Ugh. Really weak. Problem E actually still has "expected possibilities" to solve it, but I given up.
E. Travelling Salesman Problem
Not solve this problem by myself. Looked the solution above.
Interactive problem is interesting. It's a game problem but more like a construction problem. Not very hard. But my solution is a little hard to implementation. Not sure if there is other solutions.
C. Balance the Bits
Classic bracket pairing problem. Calculate prefix sum from left to right. So if found '(' then +1, otherwise -1. Of course in the whole process, the total sum should be zero and non of prefix less than 0.
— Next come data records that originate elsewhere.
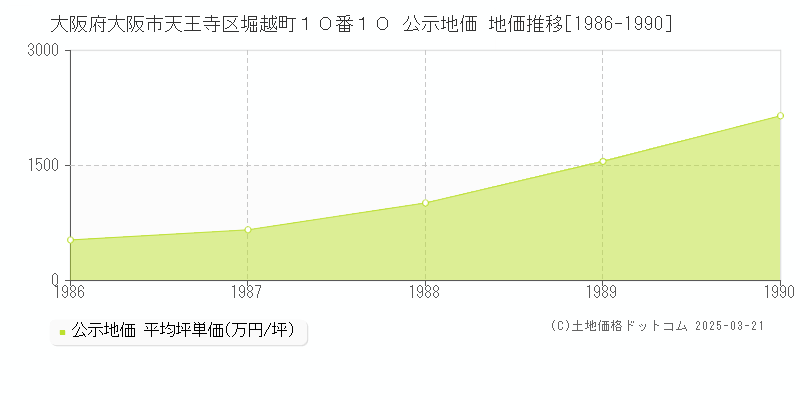 大阪府大阪市天王寺区堀越町１０番１０ 公示地価 地価推移[1986-1990]
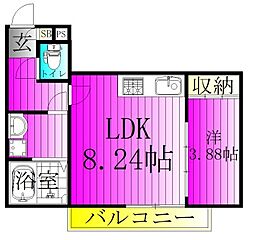 子犬と春風のダイアリー 2階1LDKの間取り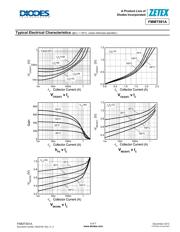 FMMT591AQTA datasheet.datasheet_page 5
Now think about $s_i=0$. That means in $a$ and $b$, one of them +1 another one -1. We just +1 for the one which prefix sum is less than another.
Then think about $s_i=1$. This one will affect the prefix sum for both $a$ and $b$. Because $s_i=0$ will need -1. Also because two 0 in $s$ will not impact the prefix sum. So for more safety, first half of $1$, we always chose '('. And other half always ')'.
Get WA once because of a small mistake. I forgot check if anything left after scanned $s$.
B. Flip the Bits
Do the operation from back to the front. Just a implementation problem.
A. Déjà Vu
Implementation. Try insert to the start and end position. If both of them are palindrome, then return no. Otherwise, print the one which is not palindrome.